In response to a previous storey, a US administration official said on Thursday that the country’s inability to eliminate tariffs on UK steel and aluminium had nothing to do with worries about post-Brexit trade regulations impacting Northern Ireland.

In 2018, former US President Donald Trump imposed 25% and 10% tariffs on steel and aluminium imports from the European Union. The tariffs were removed in October of this year, but they remain in force due to Britain’s withdrawal from the EU.

According to the Financial Times, trade discussions have come to a halt due to US congressional worries over British threats to postpone elements of the Brexit deal relating to Northern Ireland.

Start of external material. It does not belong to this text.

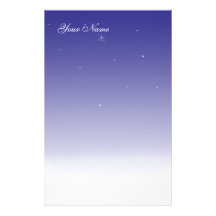 Stary Winter-Nacht stationär Büropapier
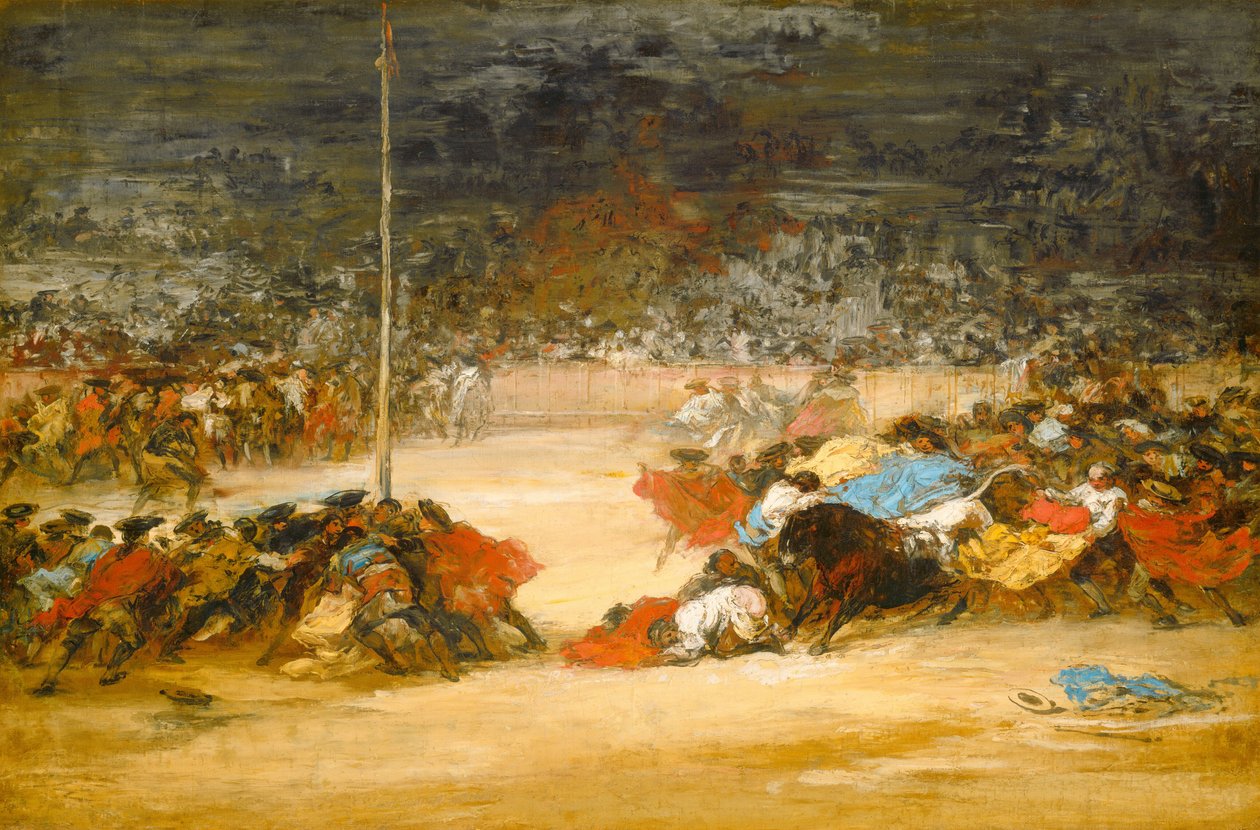 Býčí zápasy, c. 18901900. od Eugenio Lucas Villamil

However, a US official who did not want to be identified contradicted that version, claiming there was no relationship between the difficulties and refusing to elaborate.

According to sources in the Biden administration, negotiations on the topic are underway. They are also concerned that a conflict between London and Brussels over the execution of the 2020 Brexit deal may jeopardise the Good Friday Agreement, which essentially ended three decades of bloodshed in Northern Ireland.

Speaker of the United States House of Representatives Nancy Pelosi warned in September that if the Northern Ireland peace accord were broken, there would be no post-Brexit trade pact with Washington.

“I think it’s important not to conflate those two issues,” a spokeswoman for Prime Minister Boris Johnson said.

“On steel tariffs, we are working closely with the Biden administration. It’s encouraging they are taking steps to de-escalate the issue, and we are very focused on agreeing a resolution that removes damaging tariffs,” He told reporters.

Northern Ireland’s reservations “will in no way affect the UK’s approach,” according to the UK’s trade department, since “significant changes” are required in the protocol that oversees goods flow into the province.

The Northern Ireland Protocol, which was accepted as part of the United Kingdom’s “Brexit” departure from the European Union, was established to avoid a hard border between Northern Ireland and EU member Ireland.

It effectively preserves the UK-run territory in the EU’s customs union and single market for goods.